The points against this gut feeling are maybe the following: If the use case is more than just niche, we might argue that it should not rely on something like a work-around via sub-queries. What would have even more significance (IMHO) would be if we actually needed "more magic" to handle the case of radically different scrape intervals and series dropping in and out, i.e. something we could not emulate with sub-queries. But for that, the current implementation needed more tweaks in any case. Note that the current implementation of rate and friends uses sophisticated heuristics to find out if a series has just started or stopped, but it does not take into account staleness, and that's probably fine for counters. But for "already rated" metrics, the staleness might actually be very important, so the integral function might be the first function acting on range vectors that would need to look for staleness markers, which is a whole new adventure (and where the implicit handling via the sub-queries gives me some peace of mind as this is charted territory).

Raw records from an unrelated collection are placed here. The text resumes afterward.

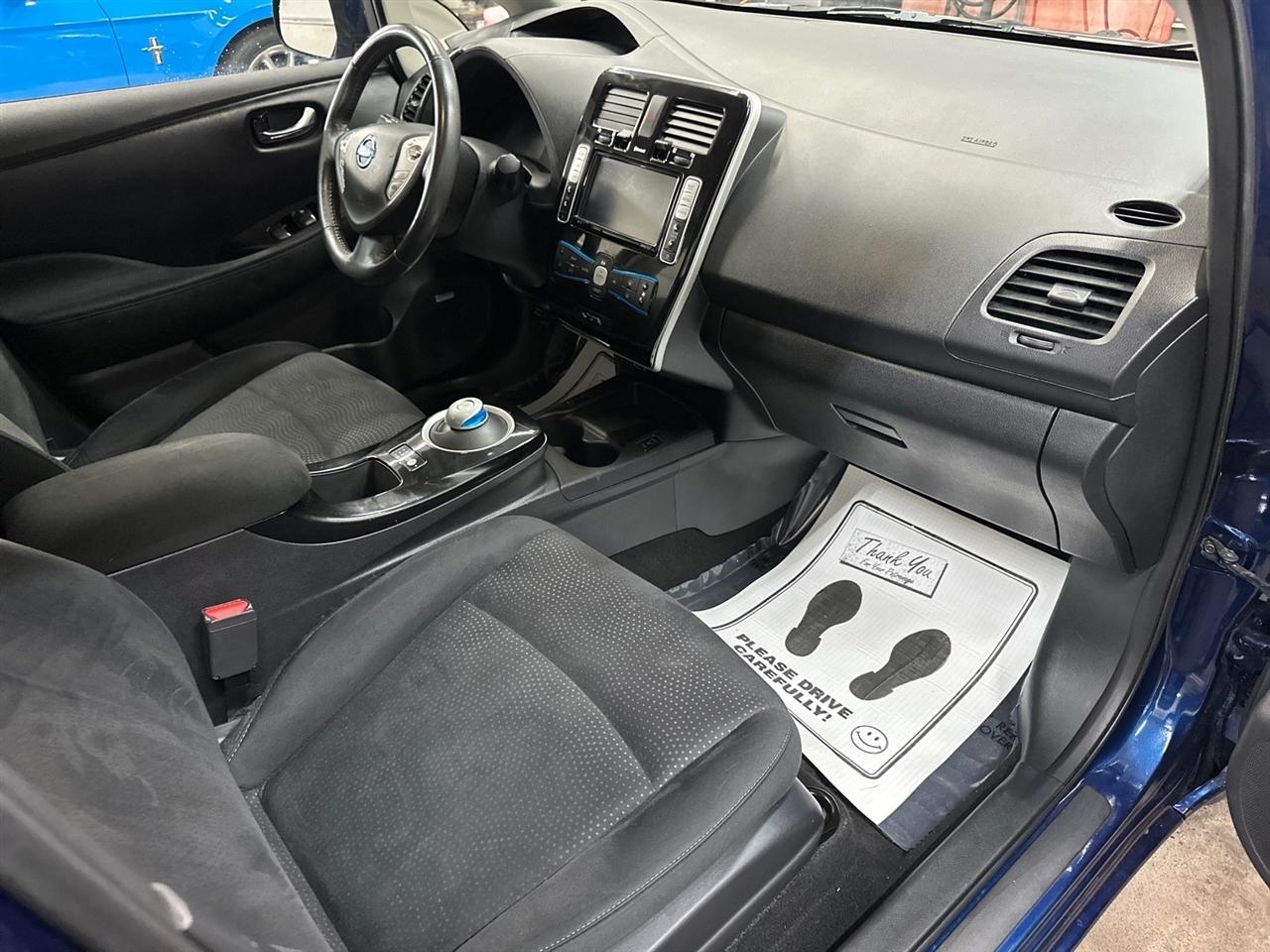 Nissan Leaf SV Hatchback 2017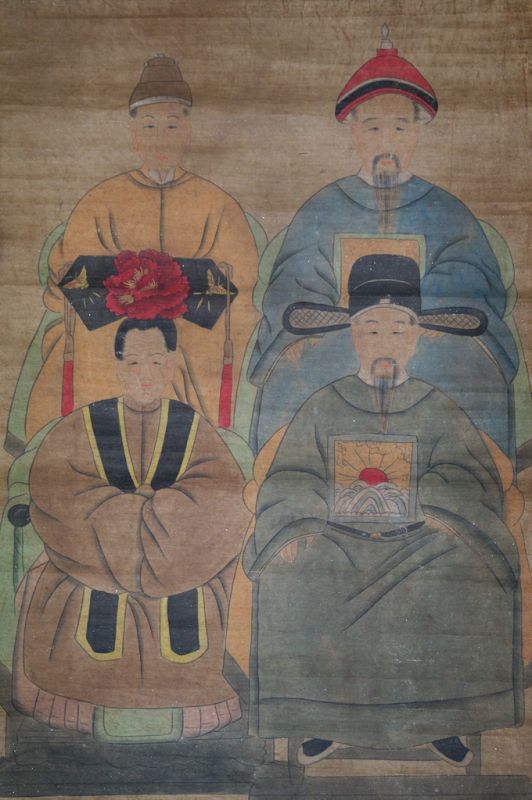 Chinesische Mandarin-Familie – Malerei auf Papier – Mitte des 20. Jahrhunderts – 4 Charaktere 3
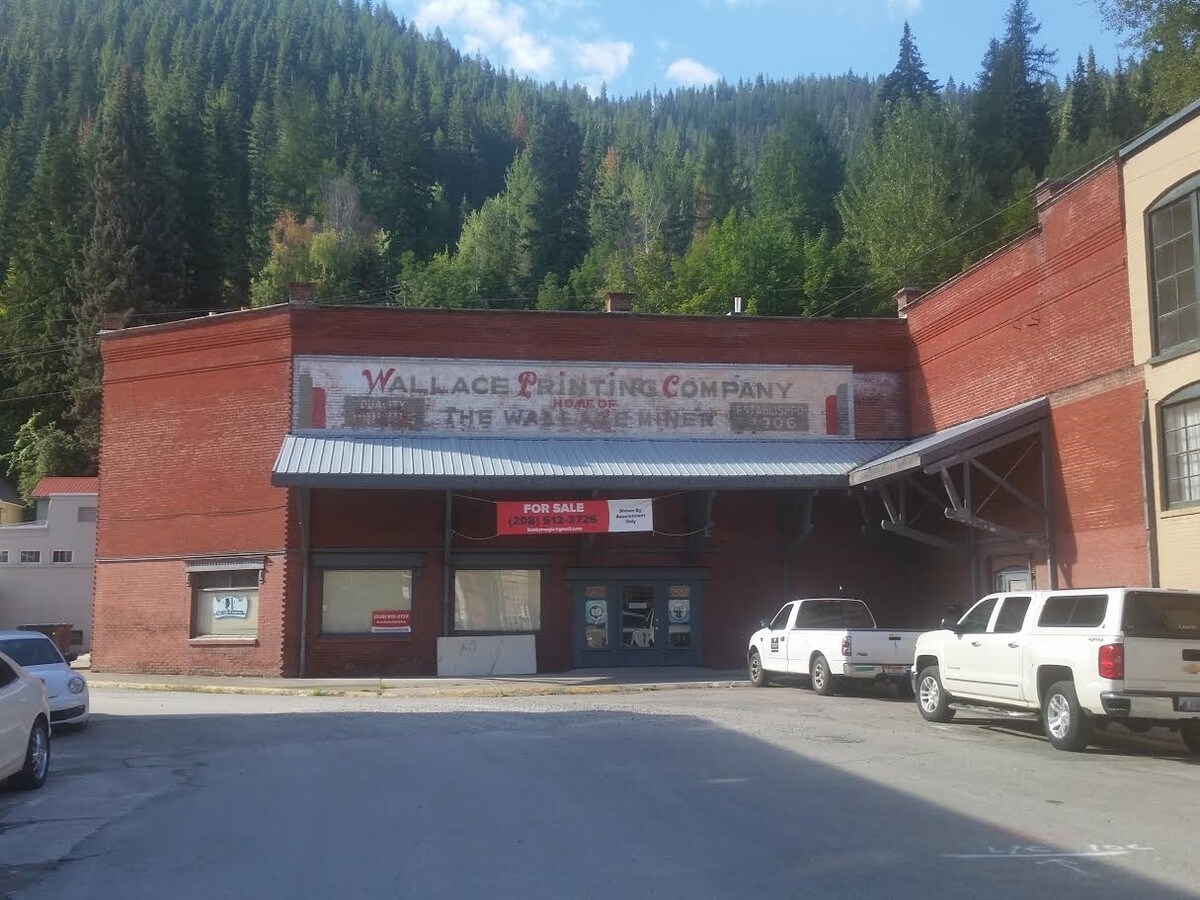 506 6th St, Wallace, ID 83873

I'll stop her, as said, this is incomplete and in no way conclusive. Looking forward to further thoughts.

beorn7 · 2024-08-14T13:27:53Z

After a few days of letting my thoughts settle, I'll try to give this at least some preliminary conclusion.

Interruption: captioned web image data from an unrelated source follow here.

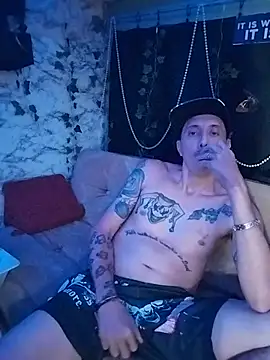 Snapshot of TuzdayG chatting on 9, 7, 2026 TuzdayG online show from 9, 7, 2026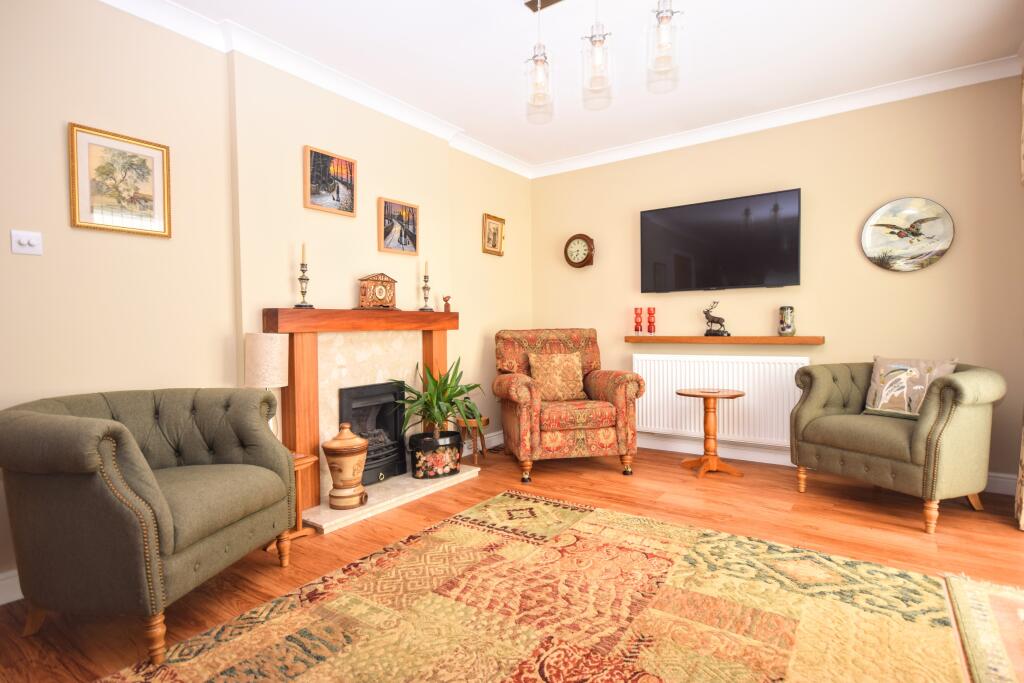 Manor Park, Legbourne, LN11 photo 4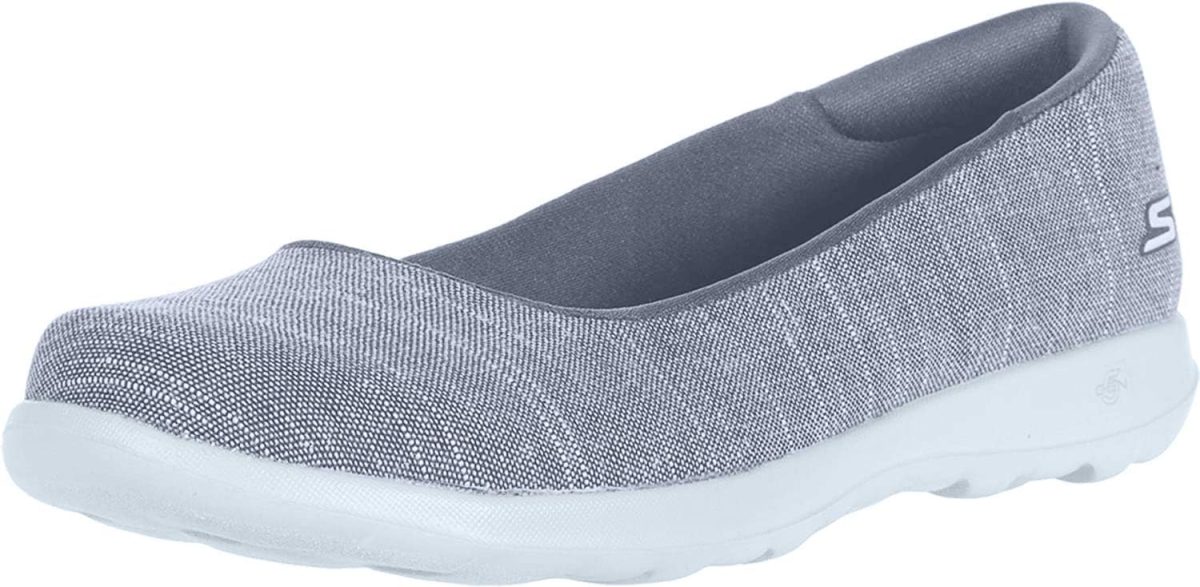 ⁦حذاء باليه مسطح للنساء من Skechers⁩ - الصورة ⁦2⁩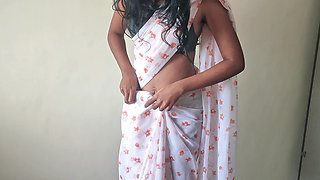 Your 18 yr old didi wearing sexy saree with showing some pussy hairs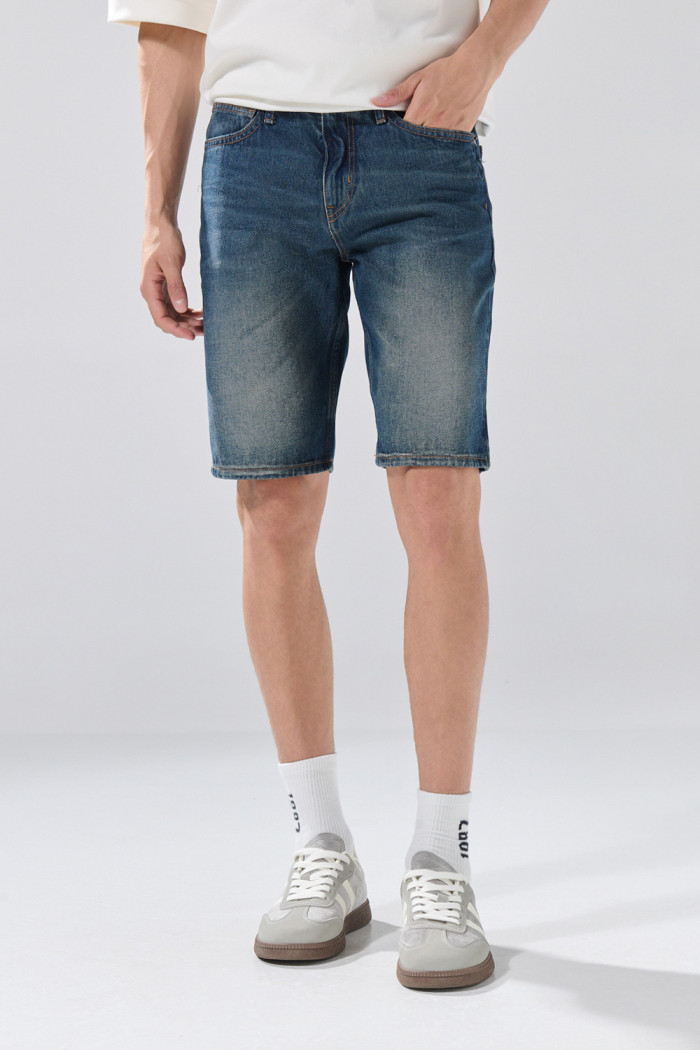 Bermuda slim infaltables azul oscura de jean con costuras

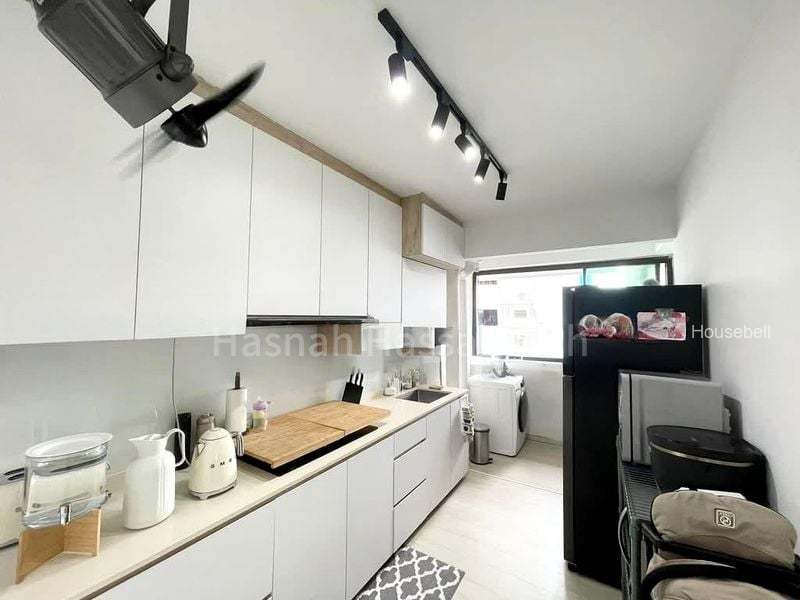 4 Room (4A) HDB for Sale in  333A Yishun Street 31, S$ 600,000, 990 sqft, 组屋 - 4 A
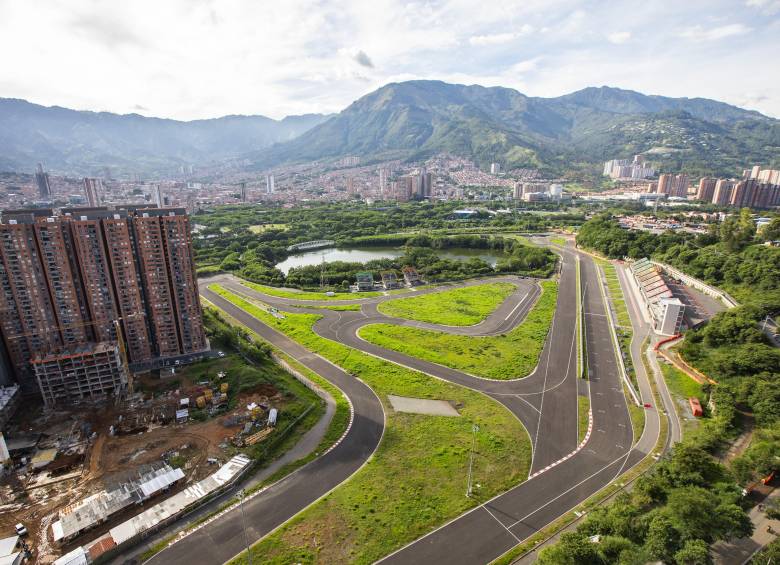 La Gobernación de Antioquia aseguró que las obras del autódromo de Bello ya concluyeron. FOTO: Esneyder Gutiérrez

First of all, I will add this as an agenda item for the dev-summit. We have an in-person one, where we usually cover a lot of ground, and it would be cool to tap into the collective wisdom. Even if it doesn't get enough interest to be discussed in detail, that's also a signal to take into account.

About the actual thing: By now I feel pretty confident that we need to somehow address gaps within the range, and we also have to handle the space between the beginning of the range and the first sample on the one hand, and the last sample and the end of the range on the other hand. Neither of those is addressed by the current approach in this PR.

I have now actually taken a photograph of my whiteboard to illustrate my rough ideas around it:

Here I'm just using the mid-point strategy, as that has good chances of being the best default, and maybe it should be the only strategy we offer for starters (see thoughts above).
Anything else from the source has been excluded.